• [Aim of the task] All of the entries below must be copied out exactly.

##### Extracted data

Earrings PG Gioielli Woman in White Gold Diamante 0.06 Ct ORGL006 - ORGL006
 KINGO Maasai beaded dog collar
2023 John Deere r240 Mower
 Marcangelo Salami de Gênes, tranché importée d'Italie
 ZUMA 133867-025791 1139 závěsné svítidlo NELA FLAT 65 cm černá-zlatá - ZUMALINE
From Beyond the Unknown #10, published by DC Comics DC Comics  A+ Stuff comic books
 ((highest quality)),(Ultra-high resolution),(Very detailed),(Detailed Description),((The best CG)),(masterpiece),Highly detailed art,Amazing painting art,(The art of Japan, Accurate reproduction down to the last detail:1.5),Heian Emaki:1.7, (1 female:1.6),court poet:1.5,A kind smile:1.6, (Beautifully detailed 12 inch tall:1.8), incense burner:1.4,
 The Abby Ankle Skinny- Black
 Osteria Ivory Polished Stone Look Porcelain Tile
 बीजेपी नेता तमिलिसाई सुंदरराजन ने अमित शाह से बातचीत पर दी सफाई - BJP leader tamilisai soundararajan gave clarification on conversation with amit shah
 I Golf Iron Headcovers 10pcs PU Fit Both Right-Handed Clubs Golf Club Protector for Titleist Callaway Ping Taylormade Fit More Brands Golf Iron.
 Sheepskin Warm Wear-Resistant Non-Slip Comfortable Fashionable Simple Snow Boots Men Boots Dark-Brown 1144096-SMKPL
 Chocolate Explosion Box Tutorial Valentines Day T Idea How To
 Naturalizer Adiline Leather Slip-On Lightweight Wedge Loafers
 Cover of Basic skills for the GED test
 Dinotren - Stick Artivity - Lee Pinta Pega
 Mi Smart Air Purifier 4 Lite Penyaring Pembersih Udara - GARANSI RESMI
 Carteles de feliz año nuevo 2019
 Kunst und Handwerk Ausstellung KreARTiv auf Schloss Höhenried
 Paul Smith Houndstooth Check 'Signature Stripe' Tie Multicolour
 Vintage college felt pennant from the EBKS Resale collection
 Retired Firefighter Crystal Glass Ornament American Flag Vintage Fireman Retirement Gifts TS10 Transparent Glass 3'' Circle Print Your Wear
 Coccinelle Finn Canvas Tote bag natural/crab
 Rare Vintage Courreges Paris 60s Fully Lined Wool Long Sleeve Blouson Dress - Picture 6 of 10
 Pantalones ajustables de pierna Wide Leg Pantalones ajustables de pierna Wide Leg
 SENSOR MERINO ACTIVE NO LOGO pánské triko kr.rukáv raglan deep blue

##########

• [Your response]
Earrings PG Gioielli Woman in White Gold Diamante 0.06 Ct ORGL006 - ORGL006
 KINGO Maasai beaded dog collar
2023 John Deere r240 Mower
 Marcangelo Salami de Gênes, tranché importée d'Italie
 ZUMA 133867-025791 1139 závěsné svítidlo NELA FLAT 65 cm černá-zlatá - ZUMALINE
From Beyond the Unknown #10, published by DC Comics DC Comics  A+ Stuff comic books
 ((highest quality)),(Ultra-high resolution),(Very detailed),(Detailed Description),((The best CG)),(masterpiece),Highly detailed art,Amazing painting art,(The art of Japan, Accurate reproduction down to the last detail:1.5),Heian Emaki:1.7, (1 female:1.6),court poet:1.5,A kind smile:1.6, (Beautifully detailed 12 inch tall:1.8), incense burner:1.4,
 The Abby Ankle Skinny- Black
 Osteria Ivory Polished Stone Look Porcelain Tile
 बीजेपी नेता तमिलिसाई सुंदरराजन ने अमित शाह से बातचीत पर दी सफाई - BJP leader tamilisai soundararajan gave clarification on conversation with amit shah
 I Golf Iron Headcovers 10pcs PU Fit Both Right-Handed Clubs Golf Club Protector for Titleist Callaway Ping Taylormade Fit More Brands Golf Iron.
 Sheepskin Warm Wear-Resistant Non-Slip Comfortable Fashionable Simple Snow Boots Men Boots Dark-Brown 1144096-SMKPL
 Chocolate Explosion Box Tutorial Valentines Day T Idea How To
 Naturalizer Adiline Leather Slip-On Lightweight Wedge Loafers
 Cover of Basic skills for the GED test
 Dinotren - Stick Artivity - Lee Pinta Pega
 Mi Smart Air Purifier 4 Lite Penyaring Pembersih Udara - GARANSI RESMI
 Carteles de feliz año nuevo 2019
 Kunst und Handwerk Ausstellung KreARTiv auf Schloss Höhenried
 Paul Smith Houndstooth Check 'Signature Stripe' Tie Multicolour
 Vintage college felt pennant from the EBKS Resale collection
 Retired Firefighter Crystal Glass Ornament American Flag Vintage Fireman Retirement Gifts TS10 Transparent Glass 3'' Circle Print Your Wear
 Coccinelle Finn Canvas Tote bag natural/crab
 Rare Vintage Courreges Paris 60s Fully Lined Wool Long Sleeve Blouson Dress - Picture 6 of 10
 Pantalones ajustables de pierna Wide Leg Pantalones ajustables de pierna Wide Leg
 SENSOR MERINO ACTIVE NO LOGO pánské triko kr.rukáv raglan deep blue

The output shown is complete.